Aguardiente and Afterparties
While it had nothing to do with this follicular revelation, I made friends with a couple of young and extremely blonde Danish guys at the hostel, one of which looked like a miniature Thor. Jacob and Esben joined our nights out in Bogota, transforming an already quite foreign-looking group into a Scandinavian family holiday without mum. Sadly (for me) this seems to be the only photo of the four of us together.
In Bogota’s ‘Zona T’ we followed the sound of music up some stairs before launching ourselves into a very lively club, causing double takes across the room as the Von Trapp family entered. Stood at the bar we noticed a few gringo hunters surreptitiously relocating a table before introducing themselves, along with their salsa and bachata skills.
Suddenly the music stopped as a fully decked out mariachi band serenaded a local birthday girl for what seemed like 20 songs. We exchanged confused but satisfied glances as the scene unfolded – despite having no idea what was going on we were loving it.

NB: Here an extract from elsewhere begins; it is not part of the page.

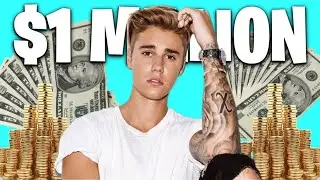 How much does Justin Bieber get paid per concert?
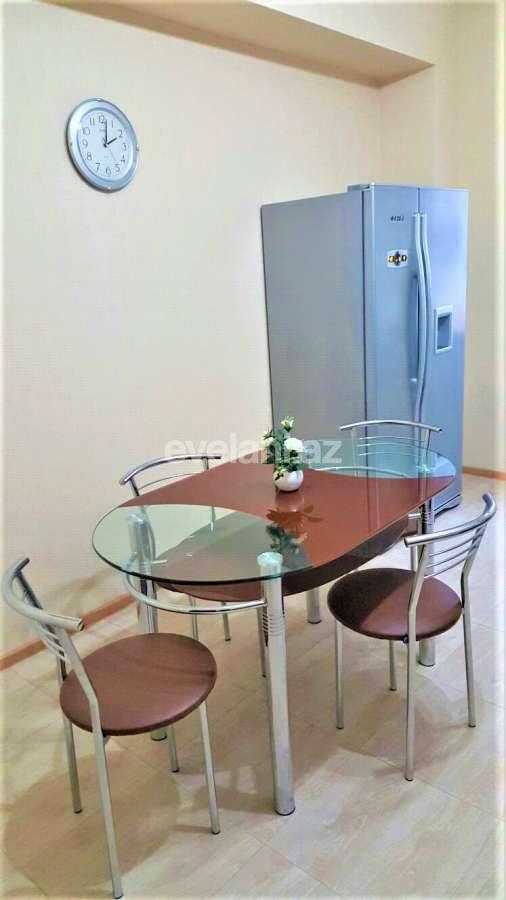 Kirayə verilir, yeni tikili, 3 otaqlı, 155 m², Elmlər Akademiyası m.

The night flew by in a blur of beer, rum and the local favourite – aguardiente. This drink, distilled in Colombia, for Colombia, has a subtle aniseed flavour, like sambuca but much more drinkable at only 29% ABV. The typical approach is to buy a half bottle (una media), which comes with a number of shot glasses to be shared among friends and strangers. Bottles are always served on their side on the bar – I have no idea why they do that but it’s a nice touch.
Tour guides and websites will tell you that Bogota nightlife ends at 3am but, while the majority of clubs do shut down at that time, there were plenty of late night spots to choose from (some more dubious than others) as we meandered our way to another club. Later, as the sun was starting to rise, we milled around on the pavement outside and were surprised to hear talk of various house parties, and even more surprised that we were invited.

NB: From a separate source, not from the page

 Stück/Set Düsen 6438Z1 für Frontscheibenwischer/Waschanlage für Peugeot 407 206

It didn’t take long to realise that the people of Bogota were very happy to have us there. Locals would approach us and introduce themselves as if it was completely natural (which it is). Everyone wanted to chat, hear what we thought about their country and integrate us into their groups. In complete contrast to the territorial approach you see from men in most countries, the guys were just as amiable as the girls.
We made our way to a house party somewhere on the edge of town which got very weird but was a lot of fun, ending sometime around 9am. This photo pretty much covers it.
Jacob and Esben were completely spaced out as we ushered them into a taxi and made our way back towards the hostel in broad daylight, singing our hearts out to classic rock and Britpop songs to the driver who hated us.
He wasn’t the only one who felt that way, as we then had a brief run in with a drug addict who chased us up the street with a knife (much more hilarious and less scary than it sounds). When the coast was clear and we’d stopped giggling we decided it was best to let sleeping dogs lie.
As Bogota made its way to work we finally decided enough was enough, had breakfast and went to bed, satisfied with a solid first night in Colombia.
I would write about our second night, but we did almost exactly the same again with the addition of Patrick and the omission of a knife-wielding drug addict. While we did manage to get to the Botero museum (which was amazing) just before nightfall, our time in Bogota was largely nocturnal.
Bogota doesn’t get much hype as a travel destination relative to the other big Colombian cities, but does have a good reputation for nightlife. However, despite our warm reception from the locals, Bogota’s cold weather is its Achilles heel, so after two great nights and no days in Colombia’s capital we made our way to Medellin – the city of eternal spring.